In yet another case of stablecoins being less-than-stable, terraUSD (UST) plunged below its $1 price peg for the first time since its inception. Bloomberg spotted the coin slipping to about 99 cents over the weekend, before plunging to roughly 60 cents on Monday night. As of this writing, Coindesk reports that the UST seems to be hovering between 92 cents and 98 cents.
Terra—which was created back in 2018 following the massive bitcoin boom of the previous year—is what’s known as an “algorithmic” stablecoin. While your average stablecoin like, say, Tether, is typically backed by reserves of U.S. dollars to keep their prices from bouncing around the way typical bitcoin prices do, an algorithmic stablecoin like Terra is stabilized by, well, an algorithm. This algo is designed to allow traders to create new coins or destroy old ones as needed in order to maintain a steady price, which is supposed to keep the coins’ price from fluctuating too much.

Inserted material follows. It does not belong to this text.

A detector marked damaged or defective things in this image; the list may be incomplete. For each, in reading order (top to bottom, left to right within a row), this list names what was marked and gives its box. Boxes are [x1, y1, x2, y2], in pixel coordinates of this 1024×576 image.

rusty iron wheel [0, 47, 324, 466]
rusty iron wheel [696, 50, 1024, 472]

What exactly caused Terra’s price to plummet isn’t exactly clear; crypto market aficionados told Bloomberg over the weekend that this disruption might have been caused by a surge in UST withdrawals by folks using popular crypto exchanges like Curve Finance. Per Bloomberg, roughly 121 million UST were pulled from Curve’s platform over the weekend—close to $4 billion USD, altogether. In the ruckus that followed, the popular crypto exchange Binance suspended people’s ability to withdraw both UST and Luna, an associated token from Terra.

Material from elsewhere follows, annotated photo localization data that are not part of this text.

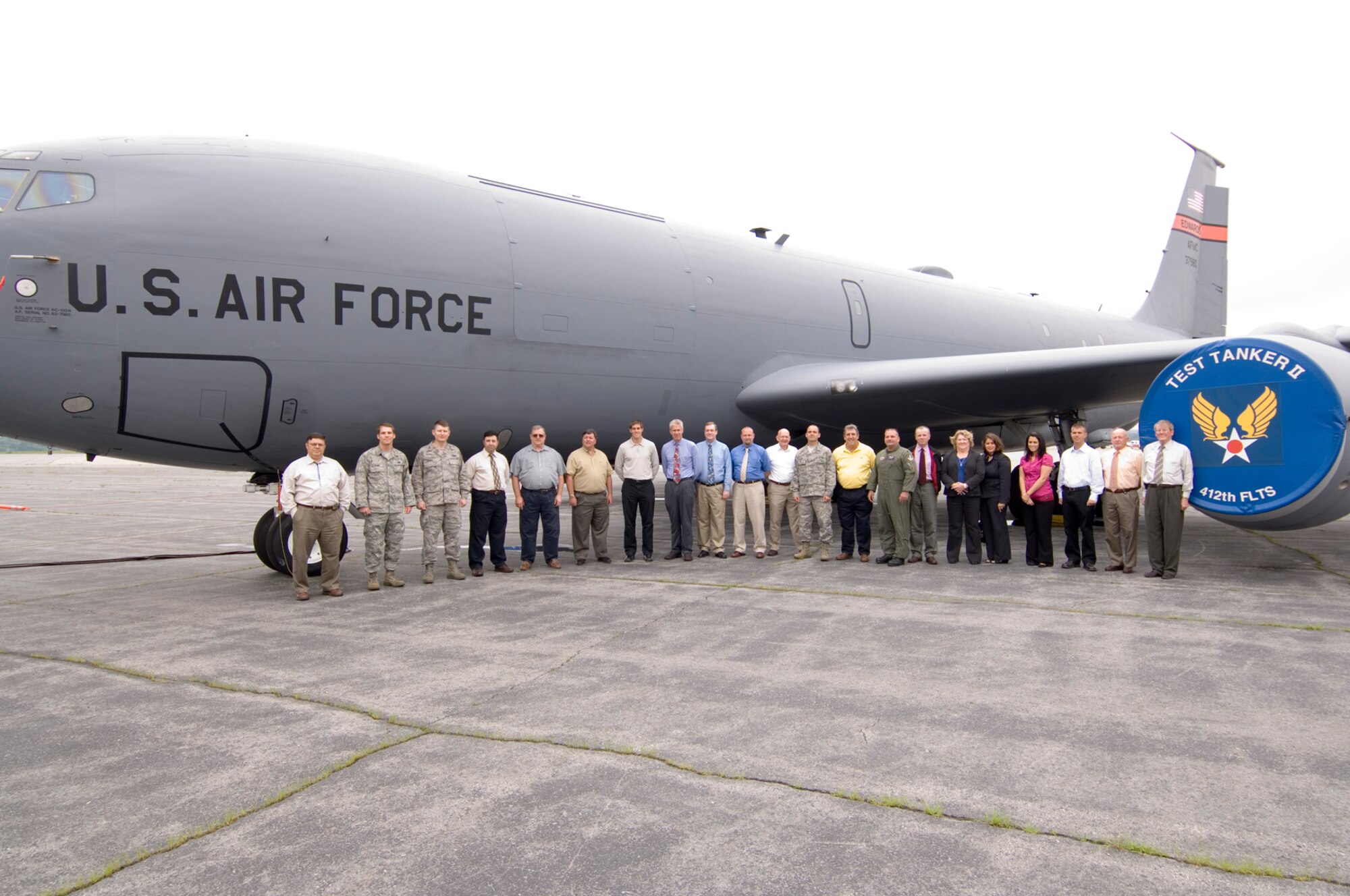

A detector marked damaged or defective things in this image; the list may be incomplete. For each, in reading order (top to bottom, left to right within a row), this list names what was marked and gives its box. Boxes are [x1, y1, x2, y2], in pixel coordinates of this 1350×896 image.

crack in concrete [7, 648, 1339, 891]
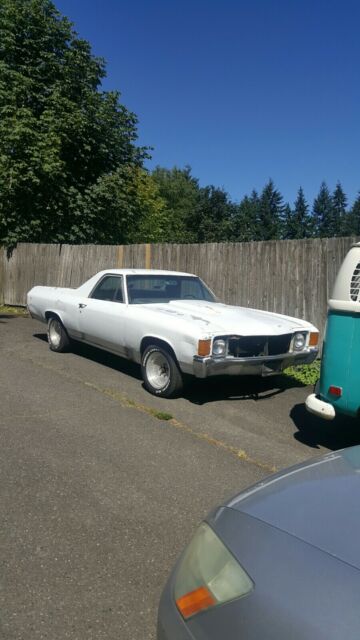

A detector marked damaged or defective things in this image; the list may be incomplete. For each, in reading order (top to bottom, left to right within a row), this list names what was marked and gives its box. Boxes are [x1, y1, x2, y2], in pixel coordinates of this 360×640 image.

cracked asphalt [1, 316, 358, 640]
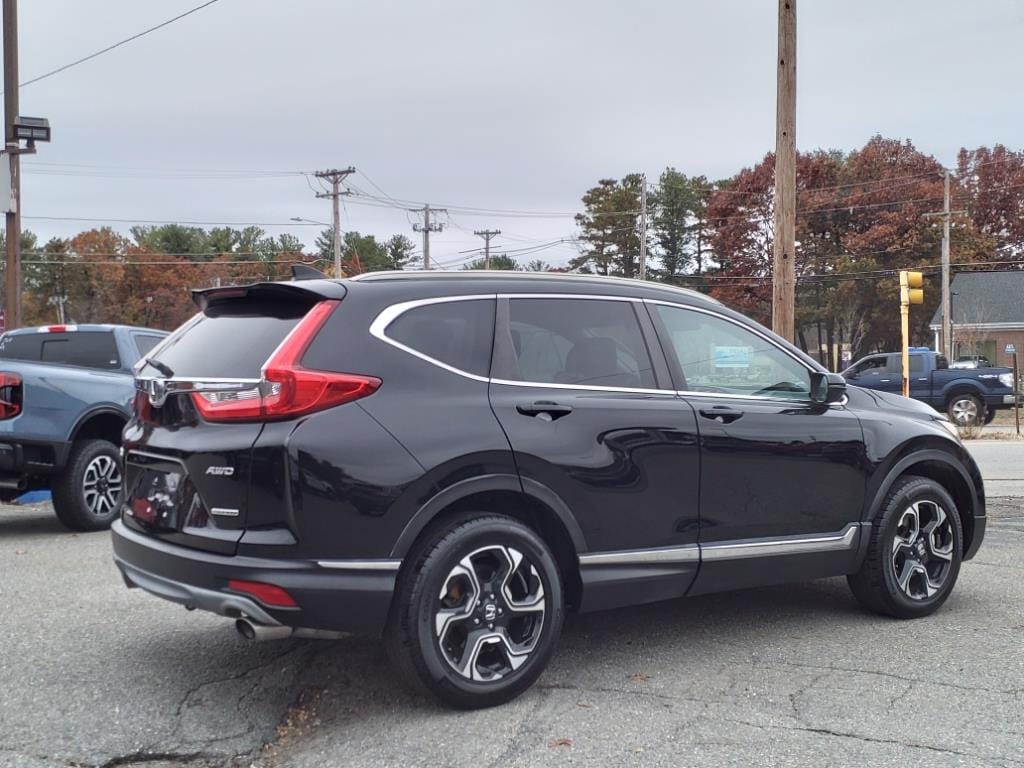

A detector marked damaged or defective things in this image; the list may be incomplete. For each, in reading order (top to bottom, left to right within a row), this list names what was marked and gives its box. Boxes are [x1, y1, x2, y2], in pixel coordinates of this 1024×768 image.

cracked asphalt [0, 483, 1019, 765]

The official Terra Twitter account rebuked scuttlebutt in the crypto community that this death spiral might be the end for the currency. “Peg regaining takes time to do so given the parameters, but it bounces back,” the company tweeted. Meanwhile, the Luna Foundation Guard—a crypto nonprofit tasked with overseeing the stability of UST’s dollar peg—announced on Sunday that it would loan $750 million in Bitcoin and 750 million UST to trading firms in an attempt to “proactively defend the stability of the $UST peg & broader Terra economy.” Godspeed, little coin.